Doniesienie o popełnieniu przestępstwa pod koniec ubiegłego roku złożył jeden z obwinionych i skazanych w tej sprawie Marcin Skubiszewski. Skubiszewski sygnalizował o swoich wątpliwościach już na etapie postępowania sądowego, ale sąd odrzucał jego wnioski.
Dlatego obwiniony pod koniec listopada 2018 roku złożył do Prokuratury Rejonowej w Suwałkach zawiadomienie o popełnieniu przestępstwa przez przewodniczącego II wydziału karnego Sądu Okręgowego w Suwałkach sędziego Ryszarda Filipowa. Prokuratura Rejonowa wyłączyła się z prowadzenia postępowania.
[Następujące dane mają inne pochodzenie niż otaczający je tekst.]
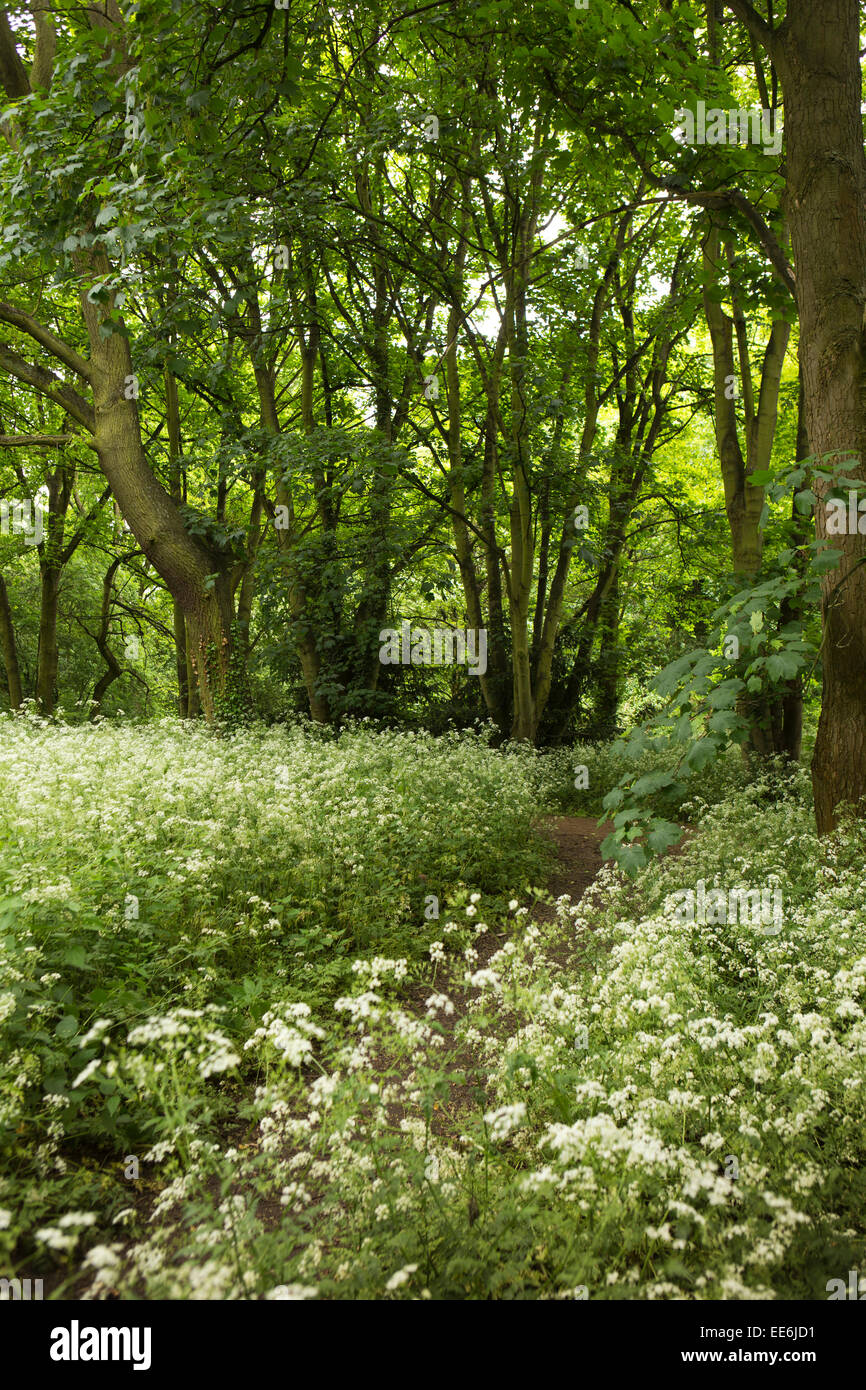 Großbritannien, London, Twickenham, Orleans Hausgärten, Mädesüß gefüllt Wald Stockfoto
Śledztwo dotyczyło głośnej sprawy działaczy KOD obwinionych o zakłócenie wystawy "Armia Skazańców" w Archiwum Państwowym w Suwałkach. Uroczystość odbyła się w przeddzień ciszy wyborczej w przedterminowych wyborach do Senatu, które wygrała Anna Maria Anders. Otwarcie ekspozycji zakłóciła grupa osób, które protestowały przeciwko prowadzeniu kampanii wyborczej w takim miejscu.
Proces prowadziło w sumie 6 suwalskich sędziów, gdyż trzy razy postępowanie odbywało się w pierwszej instancji, a potem trzykrotnie wyrok był skarżony do sądu apelacyjnego. W trakcie postępowania w niewielkim sądzie w Suwałkach, z różnych względów zaczęło brakować sędziów do przeprowadzenia rozprawy. Kiedy we wrześniu 2018 roku doszło do losowania sędziego do przeprowadzenia rozprawy apelacyjnej, wybór padł na sędziego Tomasza Uściłko. Według Skubiszewskiego naruszono wówczas prawo, a losowanie przeprowadzono nieprawidłowo.